French press at 76/100 for Mukuyuni creates a specific tension: the metal filter passes SL28's oils and heavier flavor compounds unfiltered, adding body and mouthfeel, but also passes the elevated acidity compounds that make Kenyan SL28 distinctive. The 96°C temperature target is the highest for this bean across all brewers — Kenyan SL28's emphasis on full extraction pushes toward higher temperature for the long steep window. At 930μm, the coarse grind is appropriate for a 4-8 minute immersion. Following Hoffmann's extended post-press wait is still useful here, even though SL28 has standard fines production — fines from any origin will continue extracting in the settled grounds if you serve immediately.
Troubleshooting
sour: Grind finer by ~22μm and extend steep to 6-8 minutes. French press underextraction of Kenyan SL28 is characteristically sharp-sour — the blackberry note has no sweetness behind it. Extending steep time gives the coarser particles more contact time to develop the balancing compounds.

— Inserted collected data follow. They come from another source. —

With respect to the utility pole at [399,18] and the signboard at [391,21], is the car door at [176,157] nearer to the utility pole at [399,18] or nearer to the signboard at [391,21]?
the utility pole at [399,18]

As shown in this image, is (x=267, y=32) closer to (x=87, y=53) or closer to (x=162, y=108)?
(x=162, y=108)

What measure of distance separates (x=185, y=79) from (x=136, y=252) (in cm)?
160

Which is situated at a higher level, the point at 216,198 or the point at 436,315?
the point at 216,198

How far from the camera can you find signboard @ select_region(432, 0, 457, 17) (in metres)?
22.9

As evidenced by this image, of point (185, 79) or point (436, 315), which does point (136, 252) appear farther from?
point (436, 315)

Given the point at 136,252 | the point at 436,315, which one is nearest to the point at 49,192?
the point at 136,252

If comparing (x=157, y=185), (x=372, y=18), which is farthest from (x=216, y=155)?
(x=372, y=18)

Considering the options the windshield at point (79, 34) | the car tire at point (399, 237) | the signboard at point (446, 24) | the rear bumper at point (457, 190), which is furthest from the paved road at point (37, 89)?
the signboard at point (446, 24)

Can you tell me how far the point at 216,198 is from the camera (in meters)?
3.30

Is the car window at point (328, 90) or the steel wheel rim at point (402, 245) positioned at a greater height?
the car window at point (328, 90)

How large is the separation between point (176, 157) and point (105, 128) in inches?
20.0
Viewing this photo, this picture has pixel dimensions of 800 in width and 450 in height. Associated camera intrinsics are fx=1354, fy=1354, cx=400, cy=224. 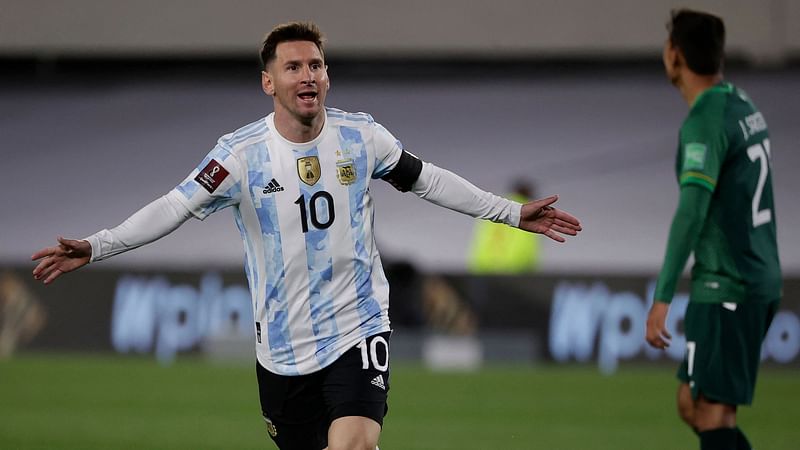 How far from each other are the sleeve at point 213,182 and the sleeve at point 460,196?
814mm

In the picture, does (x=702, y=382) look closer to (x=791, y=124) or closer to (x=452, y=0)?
(x=452, y=0)

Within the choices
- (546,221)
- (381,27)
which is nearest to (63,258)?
(546,221)

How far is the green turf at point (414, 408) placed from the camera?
30.8ft

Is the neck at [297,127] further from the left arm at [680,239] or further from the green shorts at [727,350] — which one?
the green shorts at [727,350]

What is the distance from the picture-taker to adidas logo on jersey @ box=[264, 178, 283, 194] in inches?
222

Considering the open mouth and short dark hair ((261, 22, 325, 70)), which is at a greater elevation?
short dark hair ((261, 22, 325, 70))

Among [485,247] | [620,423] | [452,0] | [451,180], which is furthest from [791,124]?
[451,180]

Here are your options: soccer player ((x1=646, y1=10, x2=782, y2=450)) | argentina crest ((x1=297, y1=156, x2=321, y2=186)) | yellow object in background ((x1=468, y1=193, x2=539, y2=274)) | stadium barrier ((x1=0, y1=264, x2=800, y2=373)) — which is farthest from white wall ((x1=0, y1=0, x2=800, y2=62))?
soccer player ((x1=646, y1=10, x2=782, y2=450))

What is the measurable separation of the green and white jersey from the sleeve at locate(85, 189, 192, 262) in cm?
207

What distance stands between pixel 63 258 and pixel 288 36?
1.33m

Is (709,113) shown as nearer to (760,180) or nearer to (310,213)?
(760,180)

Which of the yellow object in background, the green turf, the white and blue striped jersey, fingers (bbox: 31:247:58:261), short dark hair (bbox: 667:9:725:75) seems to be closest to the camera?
short dark hair (bbox: 667:9:725:75)

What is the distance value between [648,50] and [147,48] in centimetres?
766

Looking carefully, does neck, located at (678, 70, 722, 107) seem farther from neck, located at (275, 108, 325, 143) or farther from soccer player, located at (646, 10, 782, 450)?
neck, located at (275, 108, 325, 143) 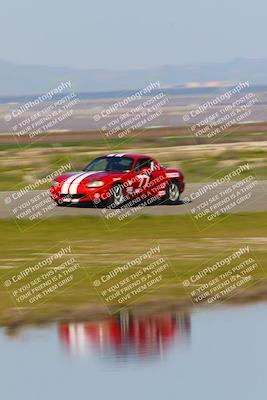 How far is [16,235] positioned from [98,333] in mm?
12110

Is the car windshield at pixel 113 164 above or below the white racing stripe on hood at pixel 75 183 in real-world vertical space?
above

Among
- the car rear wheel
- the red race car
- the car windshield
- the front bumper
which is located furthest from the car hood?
the car rear wheel

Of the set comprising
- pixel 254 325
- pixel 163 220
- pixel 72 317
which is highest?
pixel 163 220

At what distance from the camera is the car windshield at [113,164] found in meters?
32.2

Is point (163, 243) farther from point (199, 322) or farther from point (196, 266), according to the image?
point (199, 322)

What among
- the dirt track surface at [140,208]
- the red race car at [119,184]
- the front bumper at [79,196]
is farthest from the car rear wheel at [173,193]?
the front bumper at [79,196]

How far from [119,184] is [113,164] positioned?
1.07 meters

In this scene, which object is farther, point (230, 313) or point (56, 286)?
point (56, 286)

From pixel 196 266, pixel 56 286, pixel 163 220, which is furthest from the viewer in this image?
pixel 163 220

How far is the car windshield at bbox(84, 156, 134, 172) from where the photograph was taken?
1266 inches

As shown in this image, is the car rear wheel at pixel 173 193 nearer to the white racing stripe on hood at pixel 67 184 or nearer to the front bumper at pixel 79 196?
the front bumper at pixel 79 196

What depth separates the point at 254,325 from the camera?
51.6 feet

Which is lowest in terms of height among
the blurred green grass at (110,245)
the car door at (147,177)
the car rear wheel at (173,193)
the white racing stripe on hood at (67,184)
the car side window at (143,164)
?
the blurred green grass at (110,245)

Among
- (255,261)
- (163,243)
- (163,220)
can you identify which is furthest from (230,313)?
(163,220) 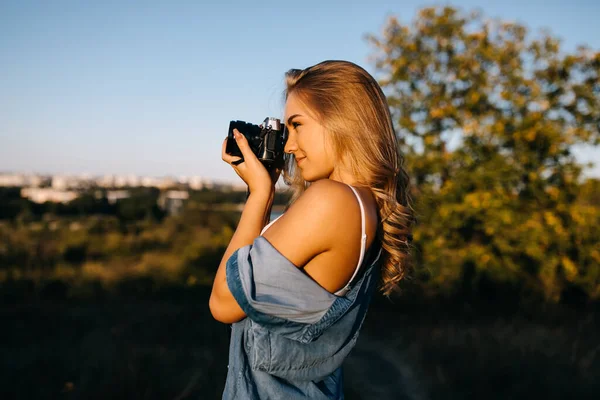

thin: Add 1g more coffee or reduce water by 15g. French press passes all oils from this SL28 — if Mukuyuni still reads thin through metal filter immersion, the dose is genuinely light. This bean's 2,000m altitude density should produce real weight; a 1g increase at 1:14-1:15 ratio is noticeable.
Cold BrewFlash Brew Recommended
Cold brew is not recommended for this bean. At near-freezing temperatures, cold water cannot extract the complex acids, delicate aromatics, and bright fruit compounds that define a light-roasted coffee — they remain locked in the cell matrix. For a cold version of this coffee, use flash brew: brew a concentrated pour-over (V60 or Chemex at 60% of the normal water volume) directly over ice in the server. The hot water extracts the full flavor spectrum, and the rapid ice cooling locks in volatiles that would otherwise evaporate during a slow cool-down.